Having a second northwestern ‘go to’ person in Ottawa to carve through the governmental clutter is more than justified.

TO MANY northwestern B.C. residents, reform of the Canadian Senate sits very low, if at all, on the ‘to do’ lists occupying everyday existence.

If it creeps into consciousness at all the Senate is regarded as an antiquated institution where those most loyal to the party in power are rewarded with a very comfortable salary ($142,400 to start) for a position a Senator must vacate by the age of 75. Nice work if you can get it.

But the new federal Liberal government wants to change the image and overall purpose of the Senate by making appointments on merit instead of being rewards for political service.

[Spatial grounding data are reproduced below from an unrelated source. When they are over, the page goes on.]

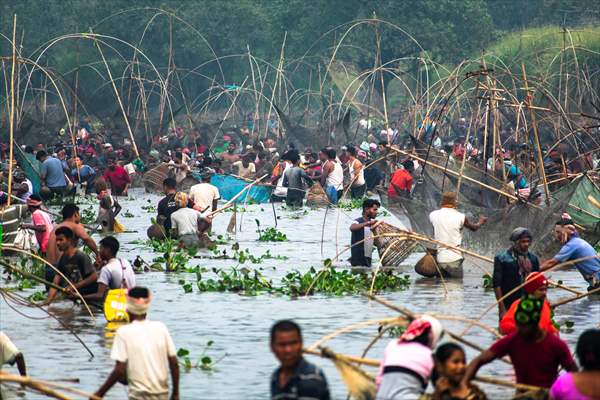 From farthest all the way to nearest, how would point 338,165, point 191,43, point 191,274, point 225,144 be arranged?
point 191,43 < point 225,144 < point 338,165 < point 191,274

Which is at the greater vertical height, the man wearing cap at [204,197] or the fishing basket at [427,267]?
the man wearing cap at [204,197]

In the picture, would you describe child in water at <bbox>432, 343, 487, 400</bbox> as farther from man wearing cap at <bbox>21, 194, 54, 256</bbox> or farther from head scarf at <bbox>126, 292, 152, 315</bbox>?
man wearing cap at <bbox>21, 194, 54, 256</bbox>

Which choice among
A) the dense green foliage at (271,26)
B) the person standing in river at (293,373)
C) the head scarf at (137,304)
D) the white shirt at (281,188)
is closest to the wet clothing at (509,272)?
the head scarf at (137,304)

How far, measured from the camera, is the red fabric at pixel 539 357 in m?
8.09

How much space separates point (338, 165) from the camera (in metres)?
29.6

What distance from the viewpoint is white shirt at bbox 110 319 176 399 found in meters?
8.45

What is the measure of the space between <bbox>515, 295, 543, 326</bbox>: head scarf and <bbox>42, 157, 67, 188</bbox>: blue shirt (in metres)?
21.0

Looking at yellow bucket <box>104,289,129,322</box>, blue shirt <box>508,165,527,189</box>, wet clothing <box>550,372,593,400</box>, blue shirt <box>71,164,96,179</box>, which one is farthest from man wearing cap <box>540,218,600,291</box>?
blue shirt <box>71,164,96,179</box>

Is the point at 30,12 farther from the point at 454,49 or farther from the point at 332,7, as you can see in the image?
the point at 454,49

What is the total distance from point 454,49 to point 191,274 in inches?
1681

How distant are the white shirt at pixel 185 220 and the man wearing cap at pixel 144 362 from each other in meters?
12.0

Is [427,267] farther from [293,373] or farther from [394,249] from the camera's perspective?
[293,373]

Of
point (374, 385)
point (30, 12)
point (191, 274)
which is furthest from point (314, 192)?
point (30, 12)

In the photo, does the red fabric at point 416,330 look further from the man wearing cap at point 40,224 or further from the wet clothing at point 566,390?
the man wearing cap at point 40,224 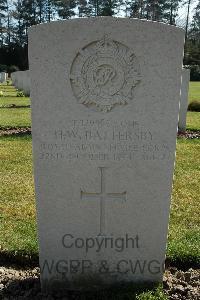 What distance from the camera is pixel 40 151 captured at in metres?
3.58

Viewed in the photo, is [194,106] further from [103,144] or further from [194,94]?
[103,144]

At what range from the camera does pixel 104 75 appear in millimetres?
3461

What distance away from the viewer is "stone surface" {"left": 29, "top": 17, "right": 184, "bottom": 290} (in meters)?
3.39

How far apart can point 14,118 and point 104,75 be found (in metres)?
11.4

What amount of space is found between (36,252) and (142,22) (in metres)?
2.38

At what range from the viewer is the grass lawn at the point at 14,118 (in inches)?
513

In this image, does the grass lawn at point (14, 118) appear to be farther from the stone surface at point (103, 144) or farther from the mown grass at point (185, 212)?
the stone surface at point (103, 144)

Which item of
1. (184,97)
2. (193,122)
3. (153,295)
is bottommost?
(153,295)

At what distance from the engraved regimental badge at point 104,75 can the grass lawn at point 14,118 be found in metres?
9.53

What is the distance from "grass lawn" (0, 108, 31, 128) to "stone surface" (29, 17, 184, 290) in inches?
367

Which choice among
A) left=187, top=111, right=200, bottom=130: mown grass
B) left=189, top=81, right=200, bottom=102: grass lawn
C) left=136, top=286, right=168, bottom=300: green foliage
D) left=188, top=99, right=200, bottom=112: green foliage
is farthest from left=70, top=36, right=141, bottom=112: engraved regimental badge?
left=189, top=81, right=200, bottom=102: grass lawn

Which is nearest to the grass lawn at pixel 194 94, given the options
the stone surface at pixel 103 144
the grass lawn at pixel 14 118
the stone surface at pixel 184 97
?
the grass lawn at pixel 14 118

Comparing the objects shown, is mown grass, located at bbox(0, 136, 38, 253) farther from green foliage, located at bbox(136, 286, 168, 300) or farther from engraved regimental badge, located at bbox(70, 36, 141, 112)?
engraved regimental badge, located at bbox(70, 36, 141, 112)

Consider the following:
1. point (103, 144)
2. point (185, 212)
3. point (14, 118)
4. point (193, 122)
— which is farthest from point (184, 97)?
point (103, 144) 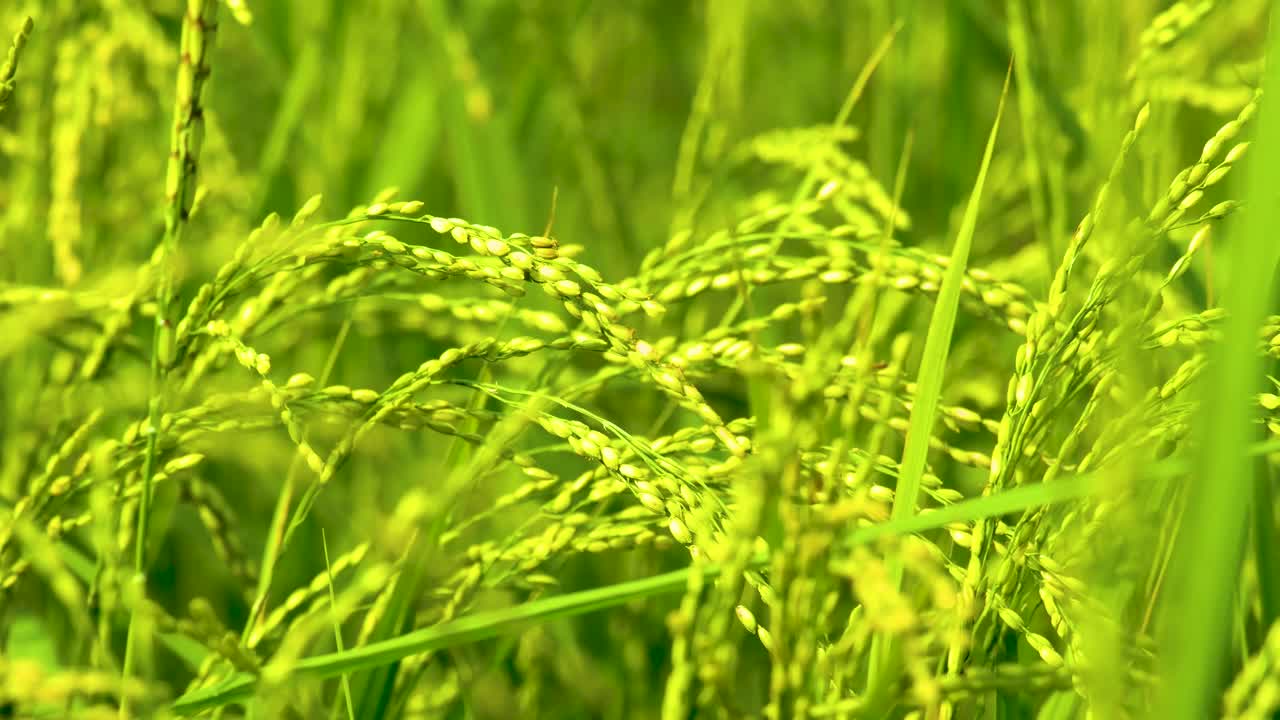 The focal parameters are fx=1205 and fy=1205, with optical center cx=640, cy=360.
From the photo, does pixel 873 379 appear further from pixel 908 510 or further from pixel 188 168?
pixel 188 168

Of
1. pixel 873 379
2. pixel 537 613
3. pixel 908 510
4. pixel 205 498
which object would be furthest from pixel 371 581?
pixel 205 498

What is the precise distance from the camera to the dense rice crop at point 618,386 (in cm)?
84

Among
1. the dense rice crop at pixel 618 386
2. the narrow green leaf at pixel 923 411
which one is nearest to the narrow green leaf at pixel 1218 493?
the dense rice crop at pixel 618 386

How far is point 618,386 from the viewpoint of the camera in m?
1.67

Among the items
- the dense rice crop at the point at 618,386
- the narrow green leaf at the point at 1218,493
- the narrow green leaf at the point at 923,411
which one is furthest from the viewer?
the narrow green leaf at the point at 923,411

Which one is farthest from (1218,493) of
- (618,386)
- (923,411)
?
(618,386)

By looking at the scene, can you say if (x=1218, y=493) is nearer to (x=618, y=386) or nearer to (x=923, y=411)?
(x=923, y=411)

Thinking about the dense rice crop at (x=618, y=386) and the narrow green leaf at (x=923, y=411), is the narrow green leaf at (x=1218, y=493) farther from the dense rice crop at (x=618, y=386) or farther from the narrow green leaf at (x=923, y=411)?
the narrow green leaf at (x=923, y=411)

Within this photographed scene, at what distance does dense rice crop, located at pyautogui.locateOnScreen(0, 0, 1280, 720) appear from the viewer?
838mm

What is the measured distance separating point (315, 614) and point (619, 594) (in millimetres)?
428

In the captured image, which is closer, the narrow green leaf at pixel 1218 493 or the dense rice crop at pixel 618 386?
the narrow green leaf at pixel 1218 493

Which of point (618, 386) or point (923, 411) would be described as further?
point (618, 386)

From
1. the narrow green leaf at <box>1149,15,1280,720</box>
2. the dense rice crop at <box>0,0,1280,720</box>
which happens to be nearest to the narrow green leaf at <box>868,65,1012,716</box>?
the dense rice crop at <box>0,0,1280,720</box>

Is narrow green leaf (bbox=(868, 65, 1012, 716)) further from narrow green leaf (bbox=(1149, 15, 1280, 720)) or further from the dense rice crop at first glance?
narrow green leaf (bbox=(1149, 15, 1280, 720)) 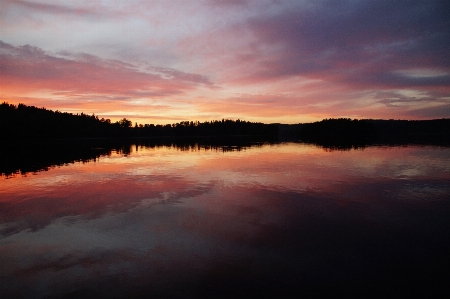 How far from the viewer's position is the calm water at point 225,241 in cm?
1093

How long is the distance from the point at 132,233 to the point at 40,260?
15.7 feet

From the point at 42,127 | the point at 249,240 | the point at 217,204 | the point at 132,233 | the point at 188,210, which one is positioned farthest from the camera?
the point at 42,127

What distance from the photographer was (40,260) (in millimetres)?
13109

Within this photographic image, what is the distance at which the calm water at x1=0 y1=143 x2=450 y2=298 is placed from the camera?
10.9 m

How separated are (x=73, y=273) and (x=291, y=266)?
1009cm

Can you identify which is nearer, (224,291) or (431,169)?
(224,291)

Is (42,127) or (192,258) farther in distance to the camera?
(42,127)

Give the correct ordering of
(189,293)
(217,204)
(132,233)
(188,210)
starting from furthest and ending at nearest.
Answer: (217,204) < (188,210) < (132,233) < (189,293)

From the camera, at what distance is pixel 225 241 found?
15.0 metres

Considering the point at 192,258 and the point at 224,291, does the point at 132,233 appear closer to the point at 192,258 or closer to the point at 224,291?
the point at 192,258

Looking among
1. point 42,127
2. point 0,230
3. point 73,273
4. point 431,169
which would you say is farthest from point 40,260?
point 42,127

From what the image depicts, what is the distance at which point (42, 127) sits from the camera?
169 m

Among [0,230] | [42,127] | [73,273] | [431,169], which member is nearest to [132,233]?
[73,273]

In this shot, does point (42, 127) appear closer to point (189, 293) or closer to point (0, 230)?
point (0, 230) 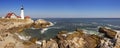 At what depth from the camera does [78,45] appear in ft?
80.6

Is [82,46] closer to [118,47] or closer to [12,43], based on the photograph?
[118,47]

That’s where northwestern B.C. comes in. At the moment there are 23 Senate vacancies among its 105 seats. One of those vacancies is in B.C. which is entitled to six Senates. Of those five seats, one of those is occupied by former provincial Liberal cabinet minister Richard Neufeld from northeastern B.C., one by Nancy Green Raine from the southern interior and three by Lower Mainland residents.

It stands to reason that the one B.C. vacancy could quite rightly be filled by a northwestern B.C. resident.

This is a large region with diverse but also common interests where the job of explaining who we are and advocating for its issues now falls to just one Member of Parliament.

Having a second ‘go to’ person in Ottawa to carve through the governmental clutter is more than justified.